> _Action item_
Pictures are to be left out; every line from the one that holds "KE Logo monogram" to the end of the data is to be retyped exactly.

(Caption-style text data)
- - - -

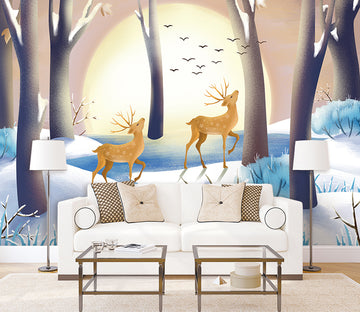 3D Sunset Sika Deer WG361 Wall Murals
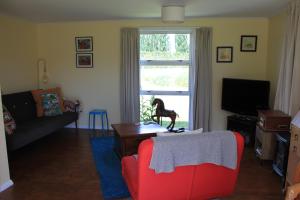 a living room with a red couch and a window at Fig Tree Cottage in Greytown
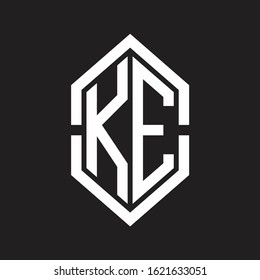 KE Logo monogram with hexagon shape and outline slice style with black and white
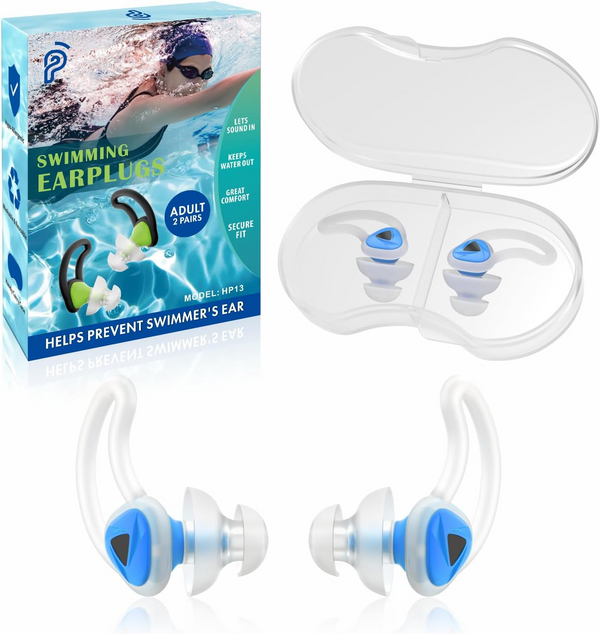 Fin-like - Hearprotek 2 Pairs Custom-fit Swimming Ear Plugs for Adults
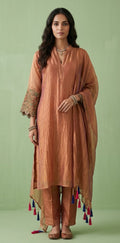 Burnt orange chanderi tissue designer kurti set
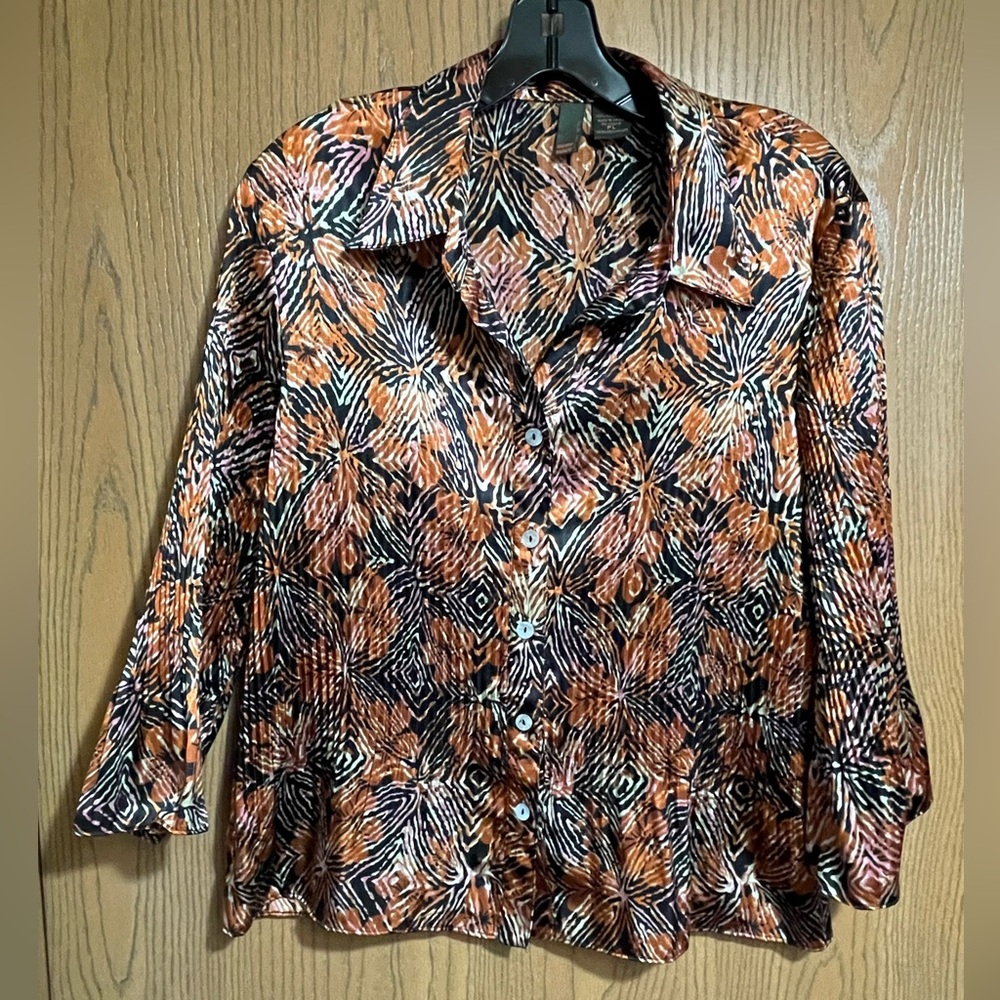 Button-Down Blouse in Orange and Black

- - - -

> _Solution to this problem_
 KE Logo monogram with hexagon shape and outline slice style with black and white
 Fin-like - Hearprotek 2 Pairs Custom-fit Swimming Ear Plugs for Adults
 Burnt orange chanderi tissue designer kurti set
 Button-Down Blouse in Orange and Black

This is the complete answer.